Certamente, a crise ganhou força e contornos ainda maiores, tornando-se assunto nacional e internacional, após o vídeo produzido e divulgado pela própria equipe do jogador. Não tem assessoria? Tem, certamente tem, mas na visão mais tradicional da gestão das crises, essa comunicação “sincera” seria suficiente.
Entretanto, o mundo mudou e a fama, o dinheiro e o poder já não resolvem todos os problemas, especialmente, quando o assunto é reputação. As celebridades, assim como as marcas e empresas, precisam ter planejamentos muito mais estratégicos para esses momentos que inevitavelmente acontecerão.

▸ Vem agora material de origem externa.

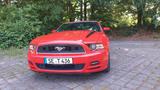 Ford Mustang Cabrio 3,7 V6 - Ford Mustang: For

No tempo em que vivemos, em que o tribunal da internet é impiedoso e as causas sociais fontes de muita controvérsia, entre elas, o papel da mulher, é preciso ter política previamente definida para cada palavra que será pronunciada, assim como conteúdos que levem em conta todo o cenário social no qual o evento crítico está inserido.